The European Court of First Instance (CFI) found the commission made an error in law when it decided that discounts in landing charges and ground-handling services negotiated by Ryanair from the Walloon region in Belgium amounted to illegal state aid.

“The commission’s refusal to examine together the advantages granted by the Walloon region and Charleroi airport and to apply the principle of the private investor in a market economy to the measures adopted by the Walloon region . . . is vitiated by an error in law. Consequently, the CFI annuls the commission decision,” the court said in its judgment.

In effect, the court has found that public authorities that own airports should not be treated differently by the commission when negotiating landing charges compared to the operators of private airports.

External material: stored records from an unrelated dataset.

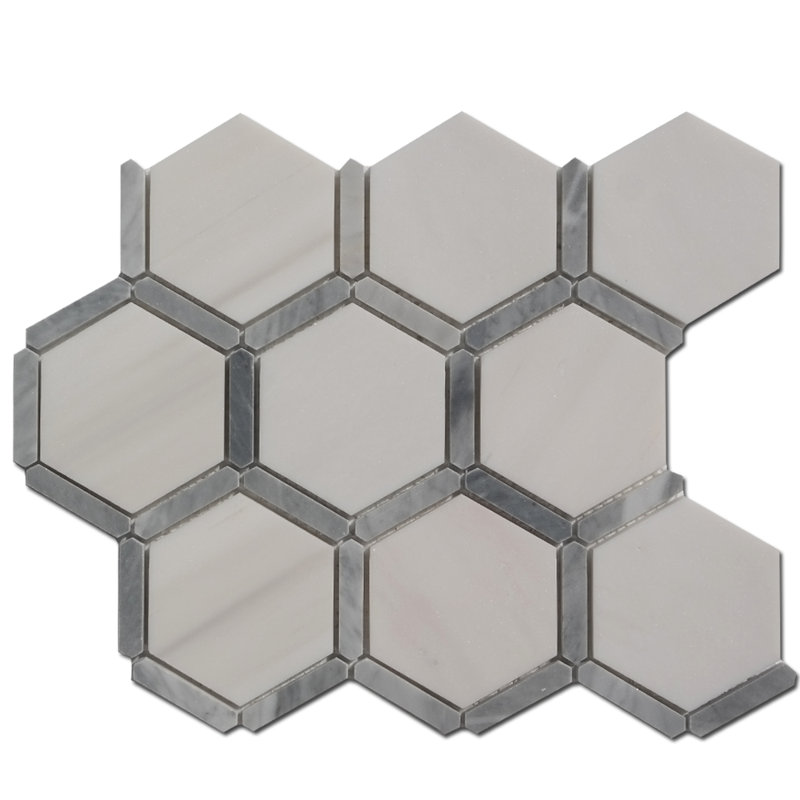 3" HONEYCOMB MOSAIC w FRAME, Dolomite/Bardiglio
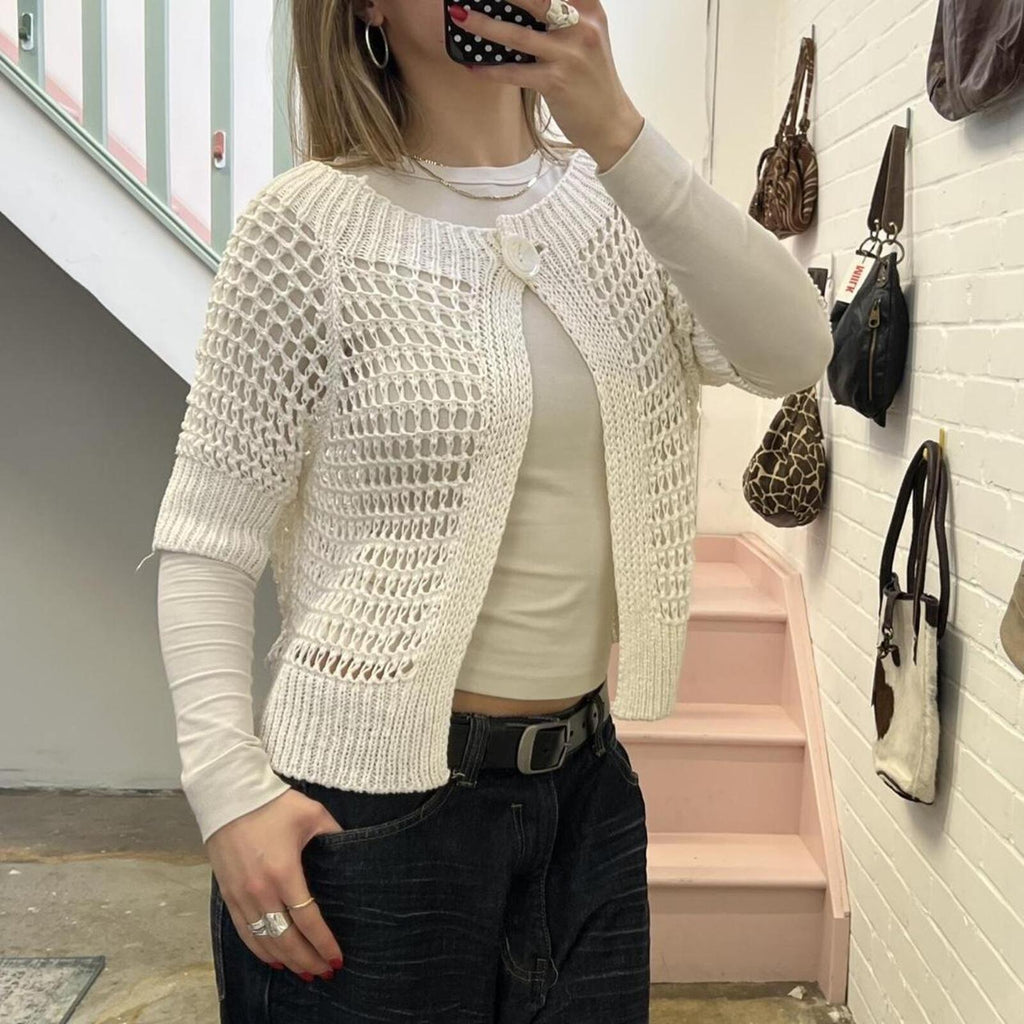 White crochet chunky knit swing cardigan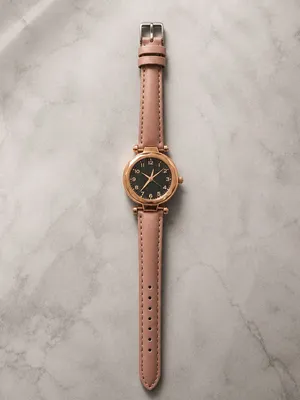 Women's Rose Gold Case Pink Leather Strap Watch Adjustable Band thumbnail 6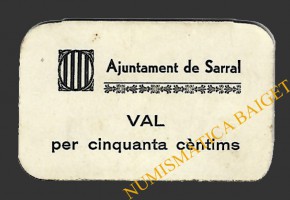 SARRAL (Tarragona) 50 cèntims 1937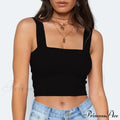 Square Neck Sleeveless Summer Crop Women Black Casual Basic T Shirt Off Shoulder Cami Sexy Backless Tank top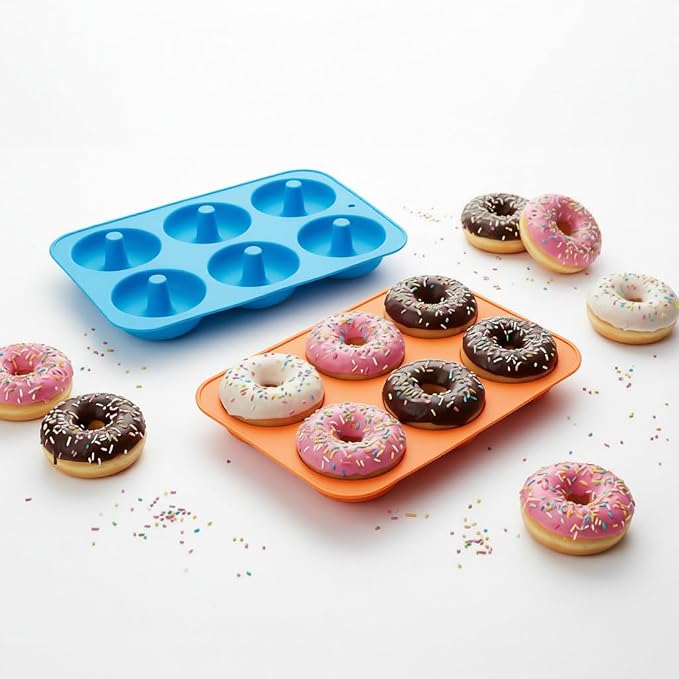 Silicone Donut Mold, 6 Cavity Non-Stick Doughnut Baking Pan β Food-Grade BPA-Free Flexible Silicone, Pops Out Easily, Oven Microwave Freezer & Dishwasher Safe (Donuts (3PK))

The CFI argued that public authorities negotiating landing fees and other charges at airports may be engaged in “economic activity”, and should not automatically be categorised as engaging in the “exercise of public authority powers”.

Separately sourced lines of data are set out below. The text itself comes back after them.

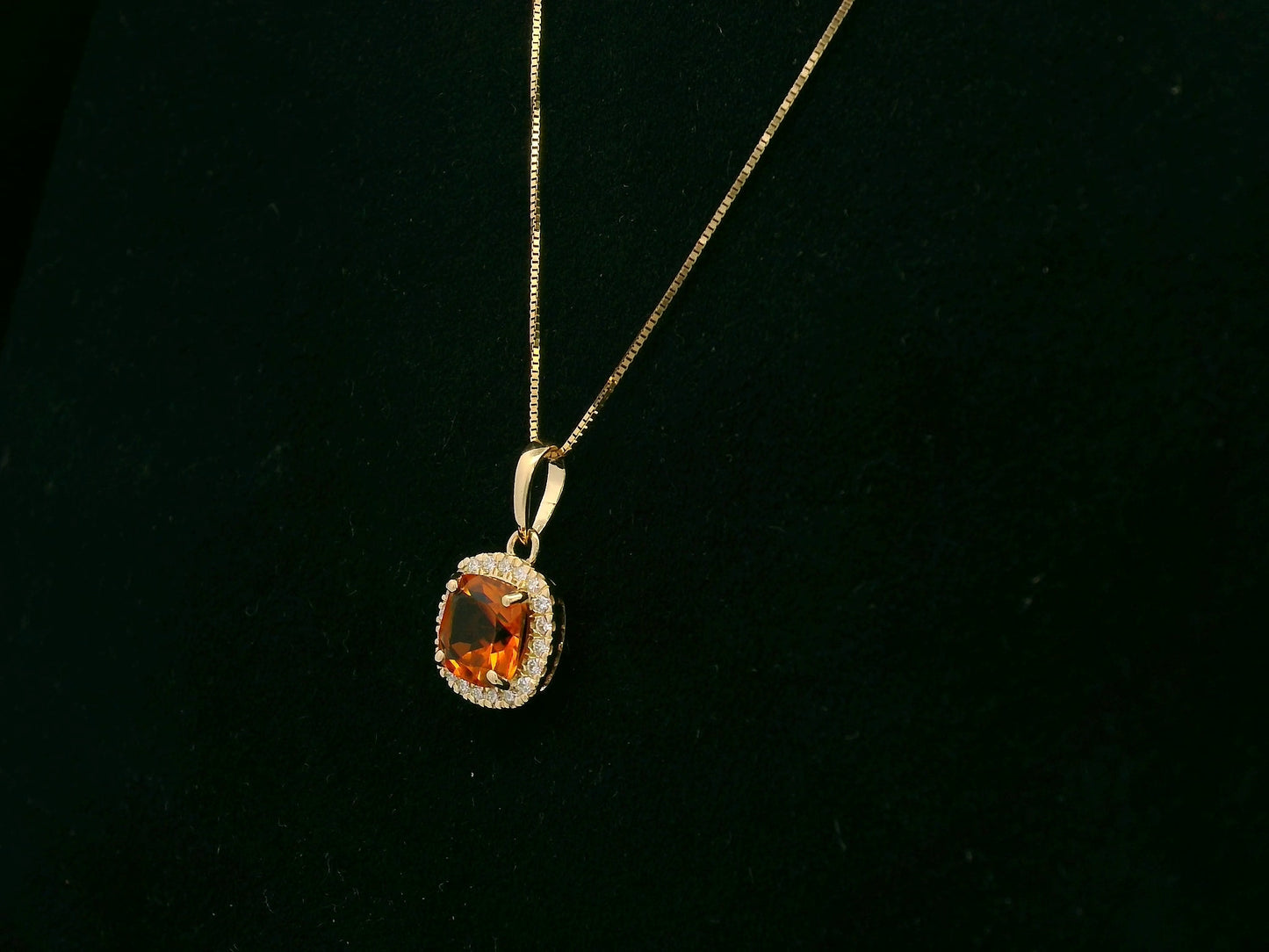 Citrine and Diamond Halo Pendant Necklace in 18K Yellow Gold, 0.90 Carat Cushion-Cut Citrine with 0.11 Carat Diamond Halo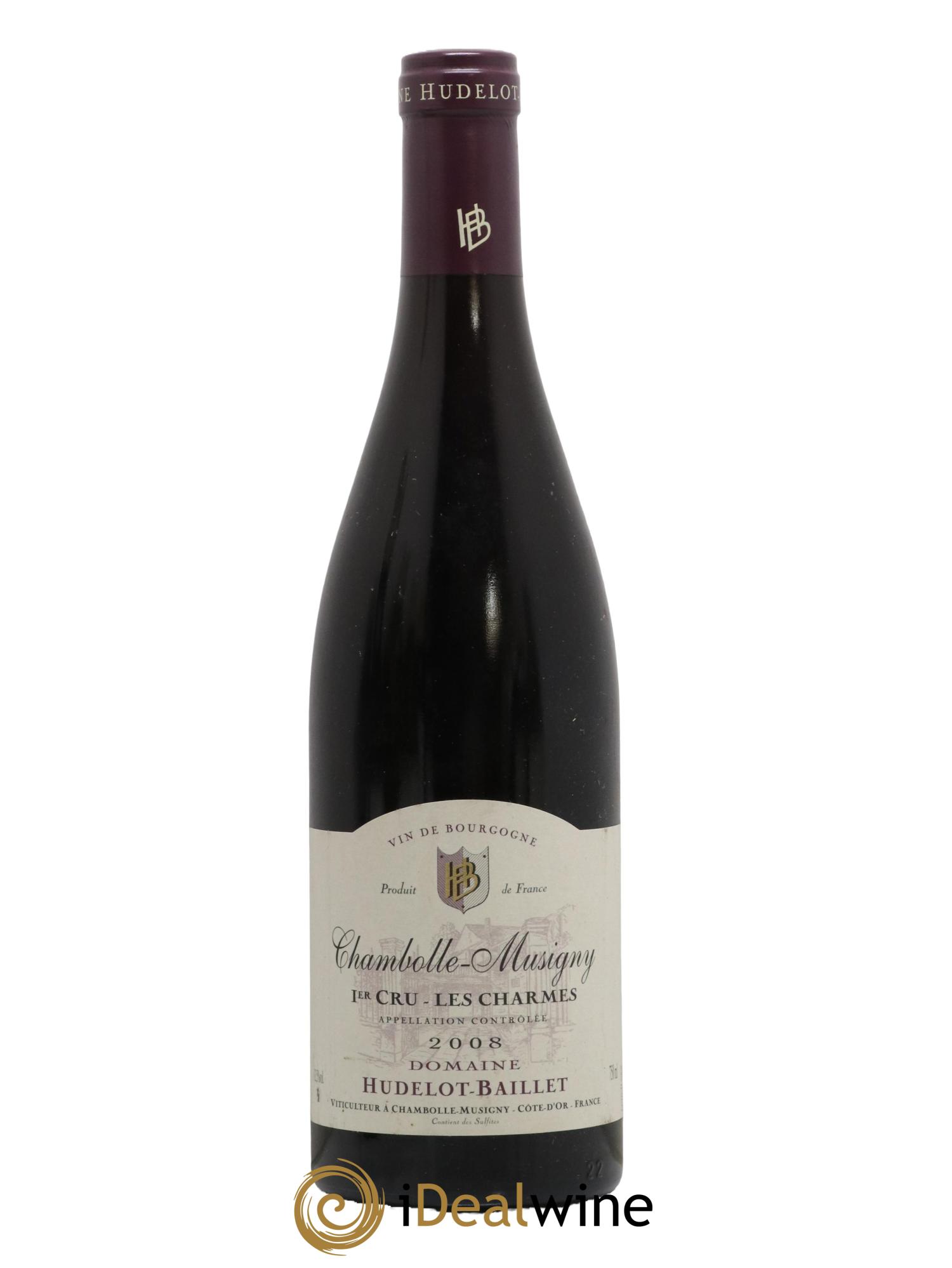 Chambolle-Musigny 1er Cru Les Charmes Hudelot-Baillet 2008 - Lot de 1 bouteille - 0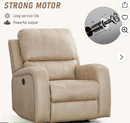 Ebello Electric Recliner Chair, Soft PU Leather Power Recliners with Padded Backrest, Single Overstuffed Heavy Duty Reclining Sofa for Living Room Bedroom, Beige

The commission, which can appeal the CFI decision on points of law only and has 60 days to lodge an appeal, said it was studying the judgment before commenting fully.

But a spokeswoman for the commission noted that the court had “looked at the methodology of the commission approach rather than commenting on substance” in its decision.

The commission had ruled as illegal an agreement under which the Walloon region granted Ryanair a reduction of some 50 per cent on landing charges and undertook to compensate the airline for losses from any subsequent change in airport fees.

Ryanair had also agreed to base between two and four aircraft at Charleroi airport and operate at least three rotations a day per aircraft in return for the airport agreeing to contribute to costs incurred.

Mr O’Leary said the decision clarified that the low-cost airports model worked. He also indicated that he wanted to mend fences with the commission, which he accused of making a “politically biased” decision last year to block a proposed takeover of Aer Lingus.

He said Ryanair would not officially notify the commission about its new takeover bid for Aer Lingus until it had received an affirmative response from Aer Lingus shareholders.